L’équipe de recherche a compilé des données issues de la littérature scientifique sur les oiseaux plongeurs tels que les macareux, les pétrels et les martins-pêcheurs, et a constaté que les petits oiseaux battent des ailes environ 10 fois par seconde dans les airs et environ 4 fois par seconde dans l’eau. Sur cette base, l’équipe a développé un robot dont la fréquence de battement d’ailes est similaire à celle des vrais oiseaux plongeurs. Le fuselage du robot contient une batterie et un moteur étanche qui actionne un vilebrequin pour pousser les ailes en film enduites de nanoparticules hydrophobes de haut en bas à une fréquence prédéfinie, tandis que la queue peut changer d’angle pour faciliter le vol. Les chercheurs ont fabriqué et testé trois ensembles d’ailes : petite (60 cm de large), moyenne (80 cm de large) et grande (100 cm de large). Lors des tests, le robot était placé à environ un demi-mètre sous l’eau, les ailes battant à une fréquence spécifique et la queue inclinée à un angle particulier. Les résultats ont montré qu’avec les ailes de taille moyenne, le robot pouvait voler, nager et effectuer la transition entre l’eau et l’air de manière fiable, et que les ailes devaient être à la fois flexibles et robustes.

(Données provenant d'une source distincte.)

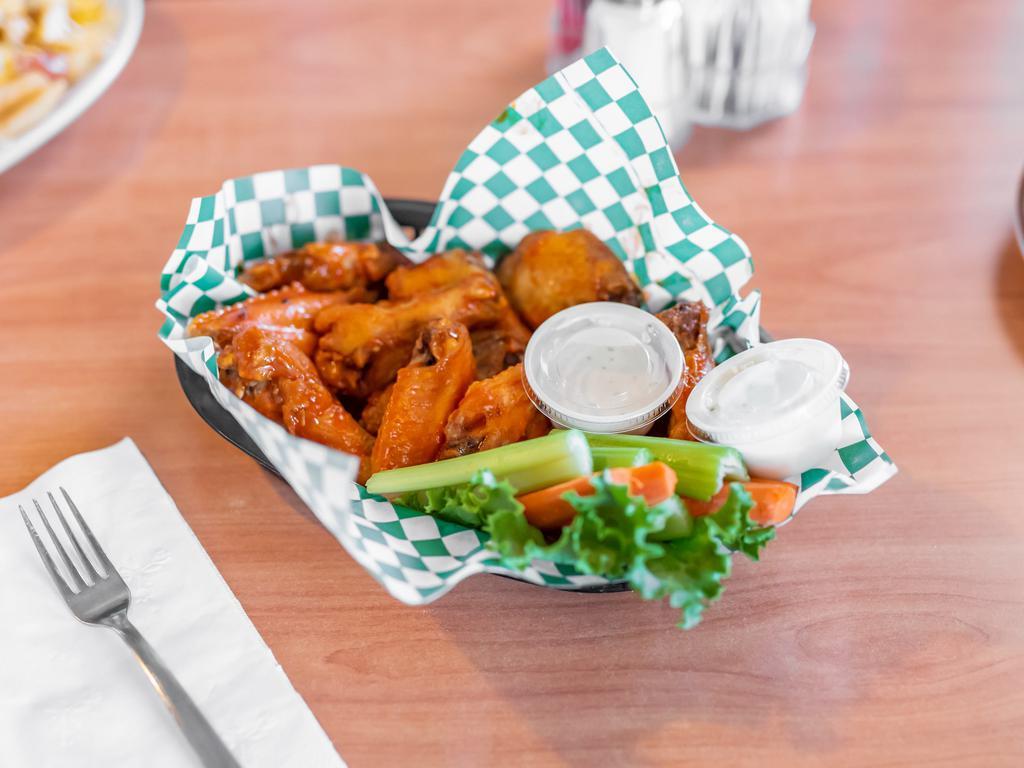 Buffalo Wings · 12 pieces. Hot, sweet chili, BBQ. Served with celery strips. Ranch, blue cheese dressing.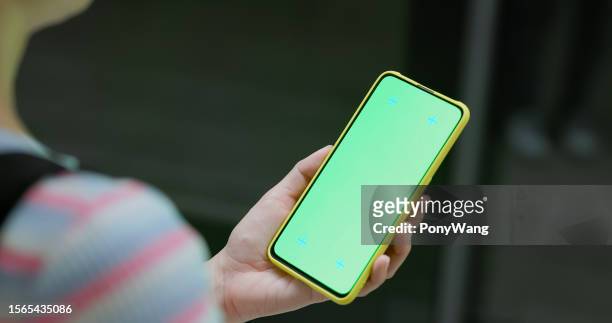 woman use phone at station - metro screen door stockfoto's en -beelden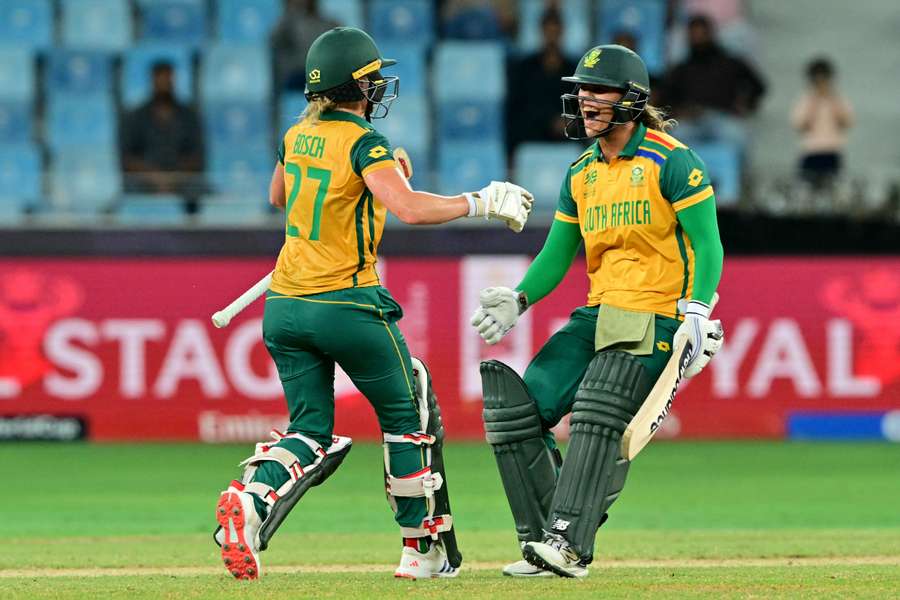 Anneke Bosch and Chloe Tryon celebrate their win at the end of the semi-final between Australia and South Africa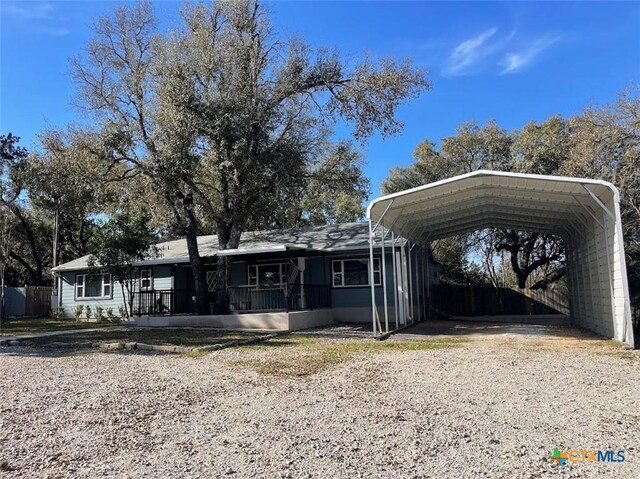 view of yard with a carport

Lorsque le robot bat des ailes à une fréquence d’environ 5 Hz, sa vitesse dans l’eau est proche de 1 mètre par seconde, et dans l’air d’environ 6 mètres par seconde, similaire à celle des vrais oiseaux plongeurs. Pour effectuer la transition eau-air, le robot doit s’incliner à un angle de 70 degrés afin que les extrémités des ailes ne touchent pas la surface de l’eau. L’étude a également révélé que cette combinaison de tailles permet au robot de s’envoler hors de l’eau sans avoir à pagayer avec ses pattes, contrairement à des oiseaux comme les macareux. À l’avenir, l’équipe améliorera la conception des ailes pour ajouter une fonction de direction et testera les performances dans des conditions turbulentes, avec pour objectif final de déployer ce véhicule pour soutenir la recherche en sciences océaniques. Ces travaux ont été en partie soutenus par une bourse du programme Actions Marie Skłodowska-Curie.